En una conferencia que pronuncié hace unos cinco años en el Club Siglo XXI, de Madrid, expuse que, a mi juicio, el interés general de España es un principio constitucional y constitucionalizado. Es algo más que un criterio de atribución y reparto de competencias. No es un título específico, sino el principio que inspira a todos ellos. Es el principio configurador del reparto de competencias entre el Estado y las CC. AA.

Pero la lealtad, como principio, no puede circunscribirse a la sola relación entre el Estado central y las Comunidades Autónomas. En la medida en que se trata de la distribución del poder, también ha de contarse con el que la Constitución confía a los Municipios y garantiza con la autonomía local. Asimismo, el proceso de construcción europea, tan necesitado de pautas y directrices, puede encontrar en la idea de lealtad un valioso canon.

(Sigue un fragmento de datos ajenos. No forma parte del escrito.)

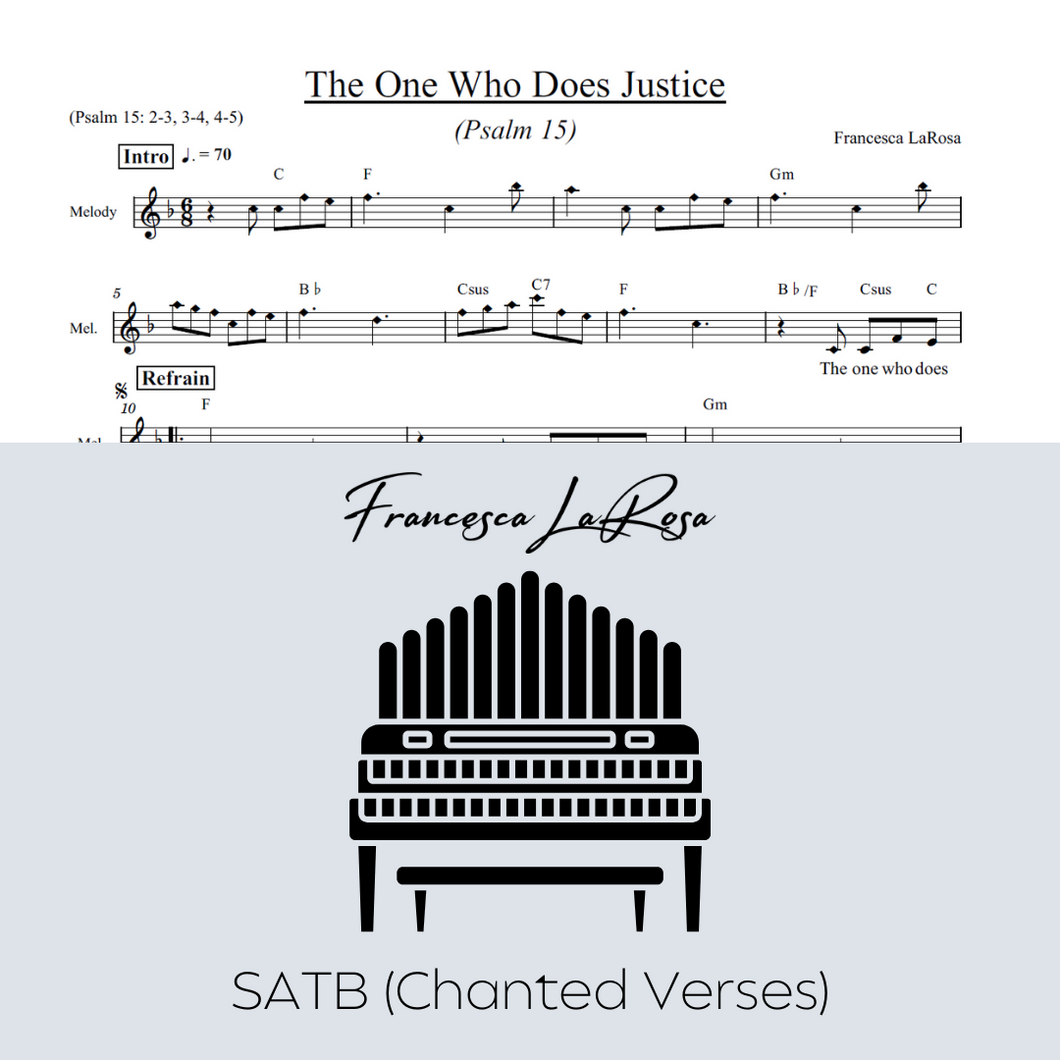 Psalm 15 - The One Who Does Justice (Choir SATB Chanted Verses)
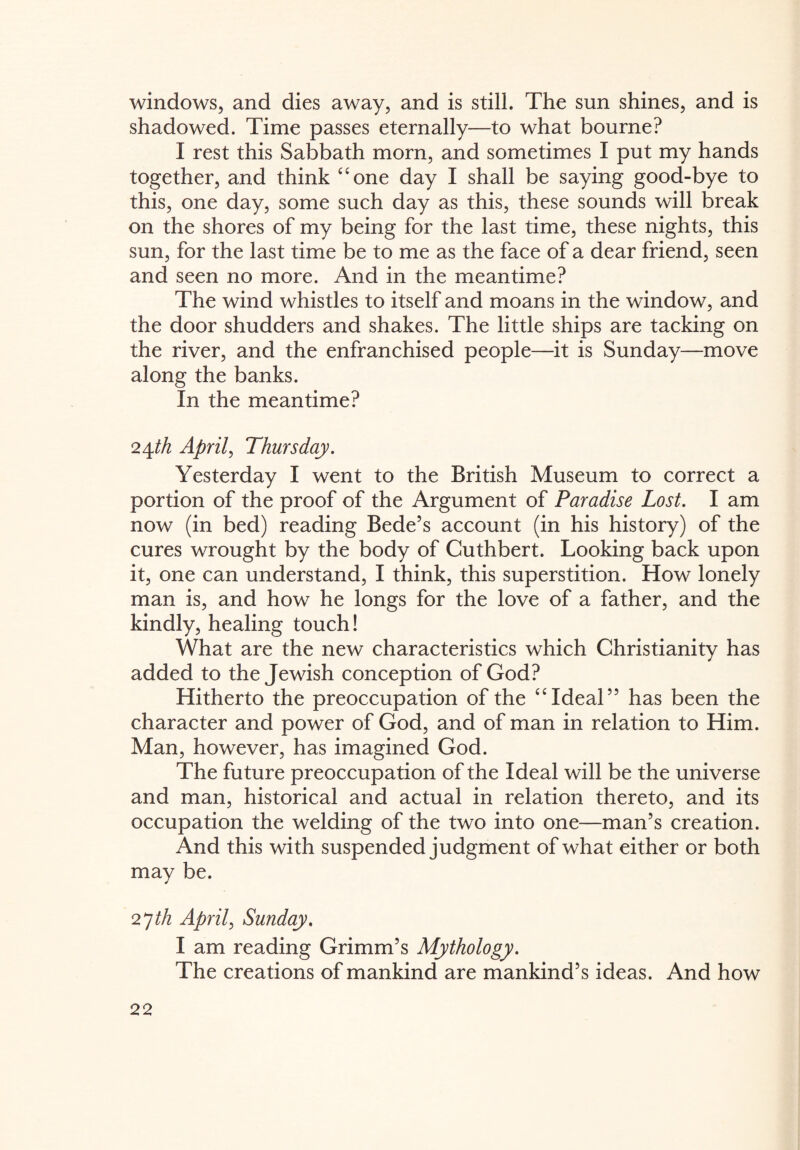 windows, and dies away, and is still. The sun shines, and is shadowed. Time passes eternally—to what bourne? I rest this Sabbath morn, and sometimes I put my hands together, and think “one day I shall be saying good-bye to this, one day, some such day as this, these sounds will break on the shores of my being for the last time, these nights, this sun, for the last time be to me as the face of a dear friend, seen and seen no more. And in the meantime? The wind whistles to itself and moans in the window, and the door shudders and shakes. The little ships are tacking on the river, and the enfranchised people—it is Sunday—move along the banks. In the meantime? 24th April, Thursday. Yesterday I went to the British Museum to correct a portion of the proof of the Argument of Paradise Lost. I am now (in bed) reading Bede’s account (in his history) of the cures wrought by the body of Cuthbert. Looking back upon it, one can understand, I think, this superstition. How lonely man is, and how he longs for the love of a father, and the kindly, healing touch! What are the new characteristics which Christianity has added to the Jewish conception of God? Hitherto the preoccupation of the “Ideal” has been the character and power of God, and of man in relation to Him. Man, however, has imagined God. The future preoccupation of the Ideal will be the universe and man, historical and actual in relation thereto, and its occupation the welding of the two into one—man’s creation. And this with suspended judgment of what either or both may be. 27th April, Sunday. I am reading Grimm’s Mythology. The creations of mankind are mankind’s ideas. And how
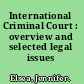 International Criminal Court : overview and selected legal issues /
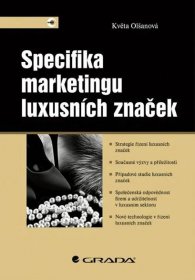Specifika marketingu luxusních značek - Olšanová Květa | Jasminka.cz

La lealtad es un verdadero principio constitucional, con todo cuanto eso implica. En primerísimo lugar, su condición normativa, lo que lo distancia, por ejemplo, de la mera cortesía del Derecho Internacional y lo aproxima a la buena fe. Aunque sin confundirse con ésta, por cuanto el fin último de la lealtad no es otro que la consecución de una unión más estrecha entre las partes que conforman un todo, el Estado, yendo así más allá del aseguramiento de una expectativa en el cumplimiento del deber ajeno por parte de quien persigue sus propios intereses, sólo circunstancialmente coincidentes con los que defiende quien con él contrata. No estamos aquí en el terreno del Derecho Civil, atento principalmente a la satisfacción del interés particular, sino en el del Derecho Político, consagrado a la conjunción de una pluralidad de intereses en un interés general, común y superior.

Interés general de España que, día a día, va acogiéndose en la Constitución, entendida como norma jurídico-política con vida propia.

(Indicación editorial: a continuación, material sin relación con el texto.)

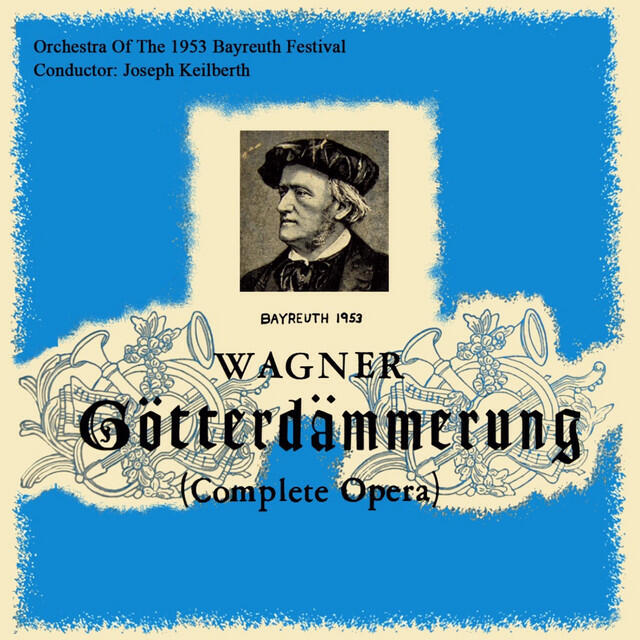Chorus Of The 1953 Bayreuth Festival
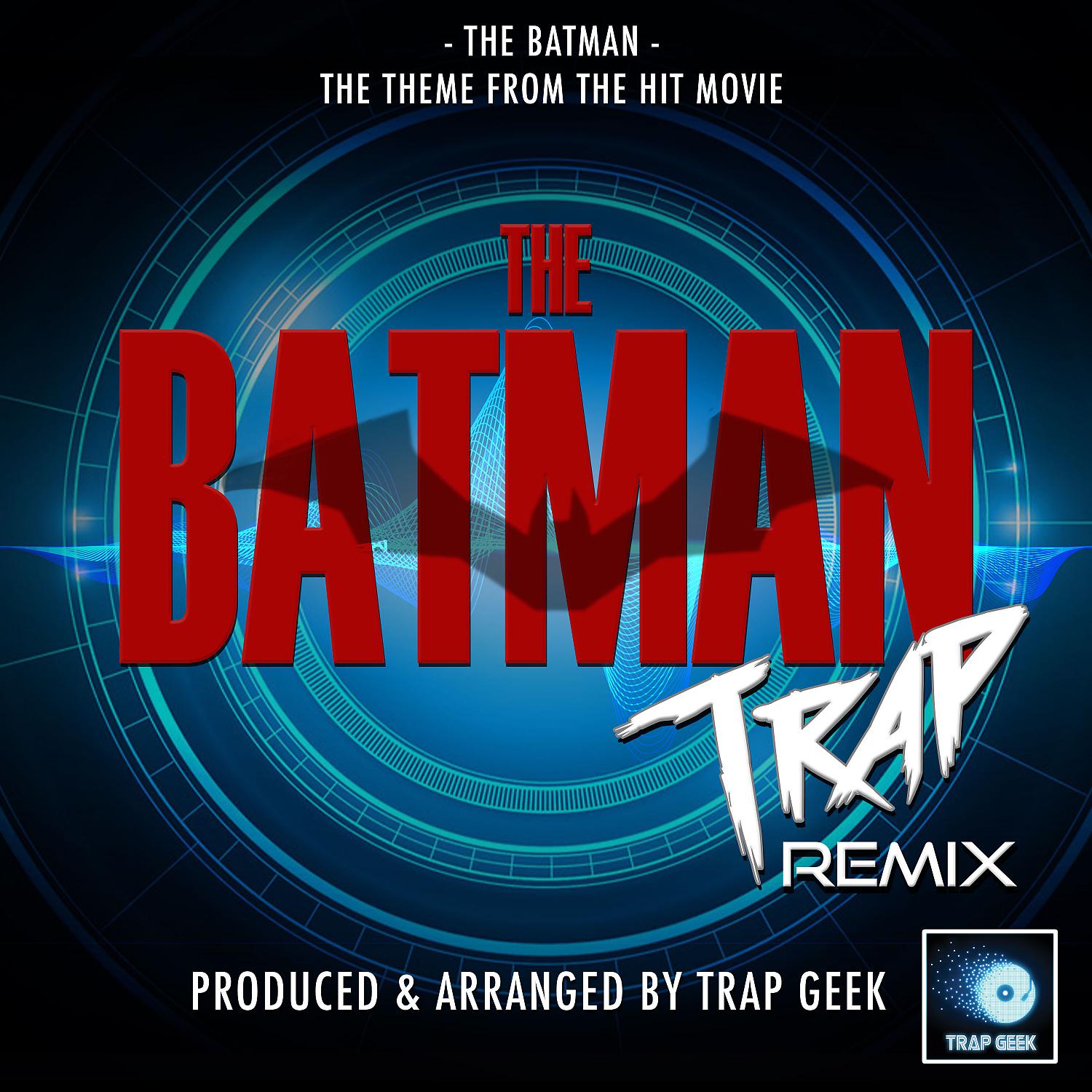 Постер альбома The Batman Main Theme (From "The Batman") (Trap Remix)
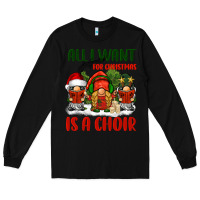 Black all i want for christmas is a choir Long Sleeve Tee - BarkalooDesign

La lealtad no es un texto convertido en dogma. La Constitución formaliza una manera de ser y de convivir que evoluciona incesantemente. Friedrich expuso los “cambios sin reforma” que se producen en los ordenamientos constitucionales. Especialmente notables son estas mutaciones cuando los textos constitucionales instauran un sistema complejo, o novedoso, como es nuestro Estado de las Autonomías.

Esta Constitución viva, que dura y subsiste en toda su fuerza y vigor desde hace un cuarto de siglo, es el objeto de nuestra adhesión, con sentimiento constitucional, y la Constitución viva es objeto de nuestra admiración, con las razones de un profesor de Derecho Político de más de cincuenta años de dedicación, con entusiasmo constitucional.